Machine learning force fields based on local parametrization of dispersion interactions: Application to the phase diagram of C$_{60}$

TL;DR

This paper introduces a machine learning approach to accurately model van der Waals interactions in atomistic force fields, enabling efficient and precise simulations of phase behavior in complex molecular systems like C60.

Contribution

The authors develop a novel ML-based method to incorporate environment-dependent vdW interactions into force fields using local parametrization, improving accuracy and efficiency.

Findings

Accurately predicts phase diagram of C60 including vdW effects.

Enables efficient computation of gradients for complex observables.
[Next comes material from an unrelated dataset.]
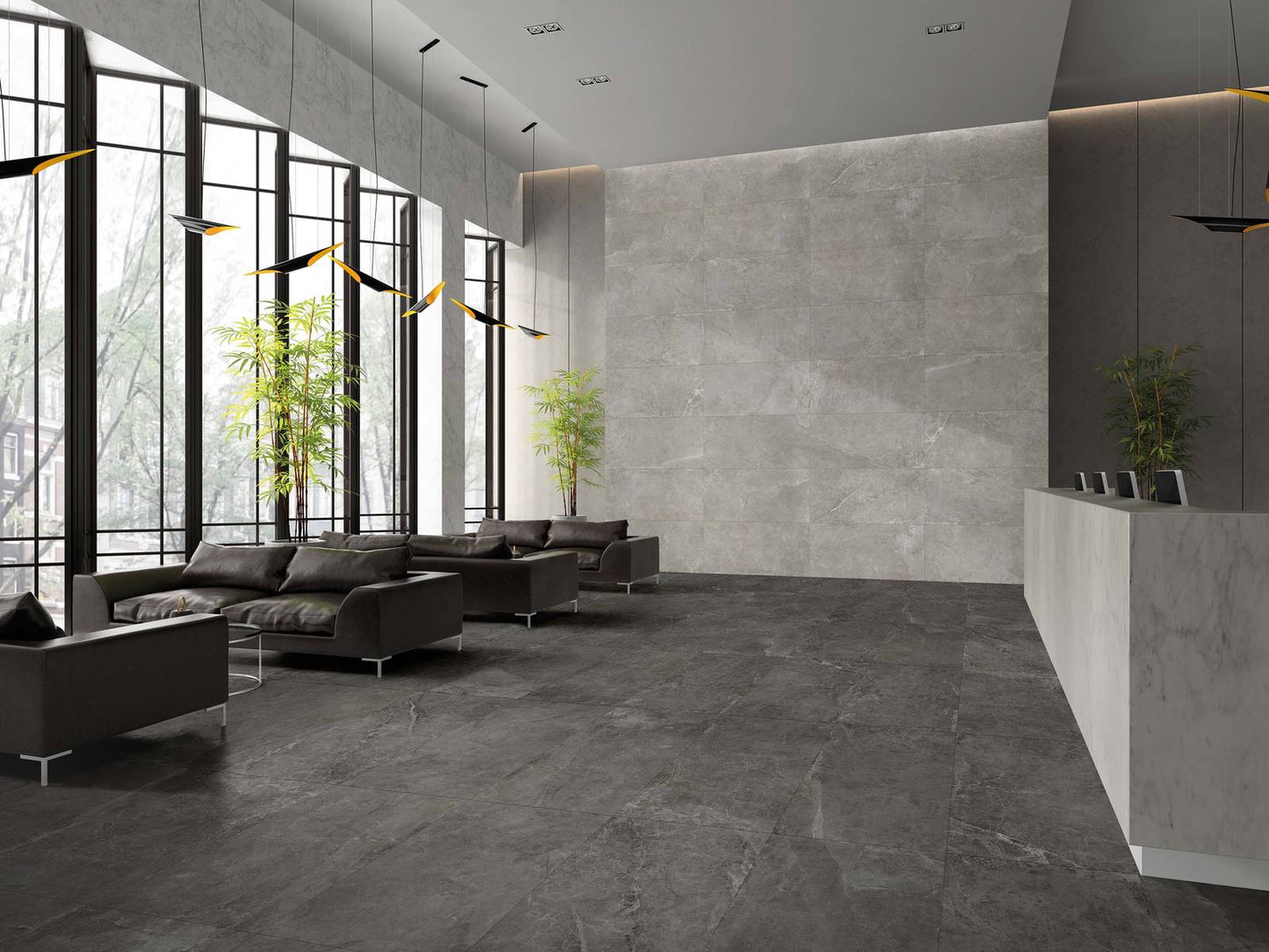 Gres spessorato ULTRA ERMETICA LAVAGNA 60x60x2 cm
Demonstrates high accuracy in modeling decomposition of C60 at high pressures.

Abstract

We present a comprehensive methodology to enable addition of van der Waals (vdW) corrections to machine learning (ML) atomistic force fields. Using a Gaussian approximation potential (GAP) [Bart\'ok et al., Phys. Rev. Lett. 104, 136403 (2010)] as baseline, we accurately machine learn a local model of atomic polarizabilities based on Hirshfeld volume partitioning of the charge density [Tkatchenko and Scheffler, Phys. Rev. Lett. 102, 073005 (2009)]. These environment-dependent polarizabilities are then used to parametrize a screened London-dispersion approximation to the vdW interactions. Our ML vdW model only needs to learn the charge density partitioning implicitly, by learning the reference Hirshfeld volumes from density functional theory (DFT). In practice, we can predict accurate Hirshfeld volumes from the knowledge of the local atomic environment (atomic positions) alone, making the model highly computationally efficient. For additional efficiency, our ML model of atomic polarizabilities reuses the same many-body atomic descriptors used for the underlying GAP learning of bonded interatomic interactions. We also show how the method enables straightforward computation of gradients of the observables, even when these remain challenging for the reference method (e.g., calculating gradients of the Hirshfeld volumes in DFT). Finally, we demonstrate the approach by studying the phase diagram of C$_{60}$, where vdW effects are important. The need for a highly accurate vdW-inclusive reactive force field is highlighted by modeling the decomposition of the C$_{60}$ molecules taking place at high pressures and temperatures.